[Short descriptive text snippets]
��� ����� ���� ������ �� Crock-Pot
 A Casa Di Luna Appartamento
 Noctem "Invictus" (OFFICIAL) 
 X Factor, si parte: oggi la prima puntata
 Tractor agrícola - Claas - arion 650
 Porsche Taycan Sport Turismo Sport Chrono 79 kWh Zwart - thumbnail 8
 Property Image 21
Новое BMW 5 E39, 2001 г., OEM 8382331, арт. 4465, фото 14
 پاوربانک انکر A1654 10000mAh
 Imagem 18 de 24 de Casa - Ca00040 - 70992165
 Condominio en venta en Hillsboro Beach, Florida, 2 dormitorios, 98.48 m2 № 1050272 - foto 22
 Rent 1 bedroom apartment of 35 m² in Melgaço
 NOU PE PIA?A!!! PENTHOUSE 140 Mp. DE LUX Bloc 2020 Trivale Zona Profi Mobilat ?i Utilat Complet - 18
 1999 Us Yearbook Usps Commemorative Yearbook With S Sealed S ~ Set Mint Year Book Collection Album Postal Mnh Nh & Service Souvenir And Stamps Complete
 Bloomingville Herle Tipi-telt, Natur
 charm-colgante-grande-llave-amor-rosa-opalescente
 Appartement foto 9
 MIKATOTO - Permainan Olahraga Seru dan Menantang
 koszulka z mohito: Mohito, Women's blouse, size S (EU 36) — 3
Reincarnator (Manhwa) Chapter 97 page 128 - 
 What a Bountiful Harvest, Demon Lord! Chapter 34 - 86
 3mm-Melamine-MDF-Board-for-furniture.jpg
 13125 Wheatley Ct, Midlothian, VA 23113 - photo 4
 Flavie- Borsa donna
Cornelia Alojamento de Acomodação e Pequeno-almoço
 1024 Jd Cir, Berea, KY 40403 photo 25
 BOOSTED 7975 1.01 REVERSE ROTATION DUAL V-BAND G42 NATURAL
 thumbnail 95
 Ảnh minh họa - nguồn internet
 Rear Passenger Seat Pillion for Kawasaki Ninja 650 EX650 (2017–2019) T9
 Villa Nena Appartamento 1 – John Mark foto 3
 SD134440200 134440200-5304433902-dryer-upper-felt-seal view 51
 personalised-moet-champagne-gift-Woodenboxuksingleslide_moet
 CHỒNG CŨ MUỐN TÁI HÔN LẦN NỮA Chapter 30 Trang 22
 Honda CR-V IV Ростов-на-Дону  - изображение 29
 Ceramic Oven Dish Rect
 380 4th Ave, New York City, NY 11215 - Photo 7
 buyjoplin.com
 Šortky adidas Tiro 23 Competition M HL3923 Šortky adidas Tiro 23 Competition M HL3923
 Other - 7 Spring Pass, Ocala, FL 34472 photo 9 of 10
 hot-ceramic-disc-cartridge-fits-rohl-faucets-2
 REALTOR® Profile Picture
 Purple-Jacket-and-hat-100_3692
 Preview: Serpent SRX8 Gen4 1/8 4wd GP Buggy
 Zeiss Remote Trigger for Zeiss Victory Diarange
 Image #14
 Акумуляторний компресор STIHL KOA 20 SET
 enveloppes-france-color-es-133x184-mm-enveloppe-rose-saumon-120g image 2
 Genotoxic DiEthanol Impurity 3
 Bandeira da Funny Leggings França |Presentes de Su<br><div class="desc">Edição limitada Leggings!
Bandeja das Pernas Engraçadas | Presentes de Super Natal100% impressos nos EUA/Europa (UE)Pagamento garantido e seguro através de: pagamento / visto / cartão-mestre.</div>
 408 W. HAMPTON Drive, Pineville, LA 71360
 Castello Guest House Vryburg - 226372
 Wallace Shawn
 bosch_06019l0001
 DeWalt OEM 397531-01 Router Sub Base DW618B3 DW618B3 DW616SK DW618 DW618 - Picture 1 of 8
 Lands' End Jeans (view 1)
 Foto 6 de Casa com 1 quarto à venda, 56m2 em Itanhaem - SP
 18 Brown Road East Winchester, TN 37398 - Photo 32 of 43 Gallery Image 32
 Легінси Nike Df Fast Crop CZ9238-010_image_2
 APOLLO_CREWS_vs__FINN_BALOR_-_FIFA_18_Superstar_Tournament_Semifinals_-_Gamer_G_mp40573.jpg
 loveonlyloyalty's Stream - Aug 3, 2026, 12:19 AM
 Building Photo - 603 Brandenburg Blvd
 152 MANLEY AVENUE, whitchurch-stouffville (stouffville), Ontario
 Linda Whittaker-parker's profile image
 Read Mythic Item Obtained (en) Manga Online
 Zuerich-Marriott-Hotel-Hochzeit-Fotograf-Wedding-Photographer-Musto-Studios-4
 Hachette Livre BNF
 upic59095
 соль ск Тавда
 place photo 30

● **What to do**:
Copy each line in the data that holds the word "thumbnail".

● **Response to this exercise**:
 Porsche Taycan Sport Turismo Sport Chrono 79 kWh Zwart - thumbnail 8
 thumbnail 95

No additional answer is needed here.